Department officials informed the companies that they could apply for waivers to the Jones Act, enacted in 1920 to support the domestic maritime industry by mandating U.S. vessels and crews handle shipments between two U.S. ports, and if an American vessel couldn’t be found, the waivers would be granted.

Two months later, Customs and Border Protection, an agency within the Department of Homeland Security, had issued 46 waivers to the Jones Act for the shipment of oil within the nation’s borders, inflaming maritime organizations and politicians, regardless of political standing.


“We are also deeply troubled by the Administration’s lack of transparency in conducting these Jones Act waivers,” read a bipartisan letter authored by U.S. Sen. Mary Landrieu (D-La.) urging President Obama to use domestic vessels for the shipments. “At the very least, the American shipping industry is owed an explanation as to why their vessels are being declared unavailable.”


A spokesman with the White House said the decision to grant the waivers was made because “the U.S. fleet had only small barges available, and the buyers bid on the basis of larger, more efficient tankers,” according to the New York Times.

Don Briggs, president of the Louisiana Oil and Gas Association, said the decision was “disappointing,” and “purely political.” American ships could have been used, Briggs said, if more time would have been allotted.


“Here we are taking oil from our own Strategic Petroleum Reserve and allowing outside flagships to come in and pick it up and deliver within our borders,” Briggs said. “That’s outrageous.


“There is absolutely no need to even pull from the SPR. It has not impacted anything. All that really has benefited is these foreign vessels and countries that are in here delivering our oil to ourselves.”

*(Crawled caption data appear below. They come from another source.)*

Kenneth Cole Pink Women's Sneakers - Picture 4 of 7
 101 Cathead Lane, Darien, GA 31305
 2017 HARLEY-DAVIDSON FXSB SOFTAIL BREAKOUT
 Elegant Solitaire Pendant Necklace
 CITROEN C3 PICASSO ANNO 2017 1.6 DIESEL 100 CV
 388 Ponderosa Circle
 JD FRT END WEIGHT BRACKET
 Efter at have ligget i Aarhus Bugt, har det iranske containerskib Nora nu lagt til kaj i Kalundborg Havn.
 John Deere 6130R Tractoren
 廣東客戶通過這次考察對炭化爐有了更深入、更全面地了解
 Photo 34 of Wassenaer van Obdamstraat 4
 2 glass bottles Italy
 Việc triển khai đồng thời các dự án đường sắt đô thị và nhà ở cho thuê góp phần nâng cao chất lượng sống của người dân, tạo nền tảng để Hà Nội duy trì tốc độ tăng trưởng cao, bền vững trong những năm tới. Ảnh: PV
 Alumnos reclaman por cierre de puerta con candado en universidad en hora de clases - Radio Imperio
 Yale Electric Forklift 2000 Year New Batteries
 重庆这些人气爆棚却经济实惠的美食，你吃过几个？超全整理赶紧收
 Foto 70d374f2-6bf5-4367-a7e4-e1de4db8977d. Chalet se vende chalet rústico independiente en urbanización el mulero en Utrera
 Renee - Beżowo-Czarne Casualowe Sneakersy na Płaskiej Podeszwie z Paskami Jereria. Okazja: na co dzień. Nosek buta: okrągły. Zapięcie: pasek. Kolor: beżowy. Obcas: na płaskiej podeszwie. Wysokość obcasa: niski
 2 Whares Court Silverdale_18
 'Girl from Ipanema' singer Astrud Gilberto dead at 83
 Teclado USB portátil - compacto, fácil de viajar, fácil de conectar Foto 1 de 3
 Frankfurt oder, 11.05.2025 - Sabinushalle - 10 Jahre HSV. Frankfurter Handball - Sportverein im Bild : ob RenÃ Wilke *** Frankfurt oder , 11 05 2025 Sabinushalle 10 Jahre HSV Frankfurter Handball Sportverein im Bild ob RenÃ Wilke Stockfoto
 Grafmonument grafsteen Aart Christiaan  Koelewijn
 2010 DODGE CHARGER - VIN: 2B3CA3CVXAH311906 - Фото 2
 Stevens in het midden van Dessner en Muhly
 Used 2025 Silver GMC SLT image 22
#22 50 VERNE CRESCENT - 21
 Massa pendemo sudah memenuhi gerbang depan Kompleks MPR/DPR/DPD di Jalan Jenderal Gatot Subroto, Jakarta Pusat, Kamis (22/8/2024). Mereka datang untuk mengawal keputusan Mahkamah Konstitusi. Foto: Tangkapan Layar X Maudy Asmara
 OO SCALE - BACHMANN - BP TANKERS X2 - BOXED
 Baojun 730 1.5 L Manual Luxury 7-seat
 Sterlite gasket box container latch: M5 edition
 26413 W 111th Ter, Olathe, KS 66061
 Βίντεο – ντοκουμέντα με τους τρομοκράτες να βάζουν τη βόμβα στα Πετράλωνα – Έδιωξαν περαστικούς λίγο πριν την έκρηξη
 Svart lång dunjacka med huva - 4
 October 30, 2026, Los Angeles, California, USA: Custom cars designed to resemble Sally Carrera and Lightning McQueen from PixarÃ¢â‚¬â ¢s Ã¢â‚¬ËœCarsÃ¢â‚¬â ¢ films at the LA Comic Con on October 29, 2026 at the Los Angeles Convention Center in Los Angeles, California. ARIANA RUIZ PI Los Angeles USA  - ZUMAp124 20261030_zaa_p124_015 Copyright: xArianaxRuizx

The belief that the SPR would impact the international oil market was an illegitimate reason to declare the emergency, Briggs said. The only urgency, then, would come from oil companies who made the purchase and knew that the use of foreign vessels would be a cheaper venture.

“Our vessels, in our country, may cost more,” Briggs said. “I don’t disagree with that, because we have insurance. Other flagships don’t have to comply to the environmental rules and guidelines and insurance requirements we have.”

Although the SPR “episode” has all but concluded, preserving the integrity of the Jones Act against future waiver issuances remains a top priority for those who believe it benefits national and environmental security while providing jobs and an incentive to investment in shipbuilding.

“I view this as a temporary situation, one that I think the administration has had the opportunity to learn from, and I would hope that it would never be repeated again,” said Jim Adams, president and CEO of a Louisiana-based mariner trade association and a “promoter” of the Jones Act. “I think there is good reason to believe that if the SPR needed to be opened again, there would be further consideration to put as much product on U.S. hulls as possible.”

Adams oversees Offshore Marine Service Association and approaches the Jones Act in the same vein as a Constitutionalist arguing for due process. Instead of outright opposition, however, it is a managed and calculated measure of the situation to determine if it truly is an emergency and U.S. vessels cannot be used.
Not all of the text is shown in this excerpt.